Genre: New Adult, Romance
Links: Amazon UK and Amazon.com
There’s bound to be trouble in Paradise . . .
When her parents decide a change will be good for her, seventeen-year-old Lexie Atkinson never expected they’d send her all the way to Paradise City. Coming from a predictable life of homeschooling on a rural Australian property, she just knows that Paradise will be amazing. But when she’s thrust into a public school without a friendly face in sight, and forced to share a room with her insipid, hateful cousin Amanda, Lexie’s not so sure.
Hanging out with the self-proclaimed beach bums of the city, sneaking out, late-night parties and parking with boys are all things Lexie’s never experienced, but all that’s about to change. It’s new, terrifying . . . and exciting.
And when Lexie meets Luke Ballantine, the swoon-worthy, bad-boy leader of the group, the chemistry between them is electric. Trouble with a capital T, Luke is impulsive, charming and answers to no one, and he’s sexier than any guy Lexie has ever known. Lexie begins to wonder if Luke is going to be good for her . . . or very, very bad?
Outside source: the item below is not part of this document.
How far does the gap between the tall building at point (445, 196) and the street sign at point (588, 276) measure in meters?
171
A wonderfully written, gently plotted new-adult(ish) romantic(ish) piece of fiction. But it is also so much more than that.
The story is that of Lexie, a home-schooled country girl that goes to live with her cousin in the big city. Her aim is to experience life in the ‘real world’ by finishing her education at a ‘real school’ and, of course, nothing is as she expected. Her cousin Amanda is the ultimate in moody teenagers, her new friend comes with a brother that’s too close for comfort, and crushing on bad-boy Ballantine has unexpected consequences. Throw in a lot of emotions, mis-steps and school-girl antics, and you have something fresh in a familiar and comfortable setting.
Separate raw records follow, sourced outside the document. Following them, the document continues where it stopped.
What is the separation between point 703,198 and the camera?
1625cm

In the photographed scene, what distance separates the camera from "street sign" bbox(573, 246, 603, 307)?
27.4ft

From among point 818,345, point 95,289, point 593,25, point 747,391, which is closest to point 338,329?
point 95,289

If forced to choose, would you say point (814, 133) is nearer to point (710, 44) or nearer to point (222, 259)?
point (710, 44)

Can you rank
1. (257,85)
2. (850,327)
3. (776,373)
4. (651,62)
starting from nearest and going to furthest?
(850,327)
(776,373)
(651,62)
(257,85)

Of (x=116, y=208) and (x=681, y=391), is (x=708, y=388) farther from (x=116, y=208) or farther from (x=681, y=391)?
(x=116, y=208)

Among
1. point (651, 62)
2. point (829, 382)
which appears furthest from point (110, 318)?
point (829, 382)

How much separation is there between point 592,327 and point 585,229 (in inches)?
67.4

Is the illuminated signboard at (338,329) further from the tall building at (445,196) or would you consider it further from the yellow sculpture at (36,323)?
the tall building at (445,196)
I’m not one for everything tied in perfect little bows with a cherry on top, and this book does not disappoint. Part of a series, that much is obvious. But, for me, the realism of the book extending to its natural conclusion made it all the more perfect.
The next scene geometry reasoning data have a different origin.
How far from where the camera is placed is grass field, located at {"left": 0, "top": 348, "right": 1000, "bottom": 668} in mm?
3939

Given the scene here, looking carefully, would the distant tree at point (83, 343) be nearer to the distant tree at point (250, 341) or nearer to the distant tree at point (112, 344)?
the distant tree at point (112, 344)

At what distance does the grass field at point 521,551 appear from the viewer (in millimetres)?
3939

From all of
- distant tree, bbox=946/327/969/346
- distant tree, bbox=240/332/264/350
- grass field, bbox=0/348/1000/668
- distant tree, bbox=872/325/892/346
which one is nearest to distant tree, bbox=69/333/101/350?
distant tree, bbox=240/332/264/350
If you want to know what it’s like to be a girl in her late teens in the developed world, then it really doesn’t get more accurate than this. All the angst, mood swings, obsessions, insecurities and sexual awakenings are there, but carefully crafted and not overtly shoved in the reader’s face. I cannot recommend this book enough.
*I received a free copy from the publisher via NetGalley in return for my unbiased review.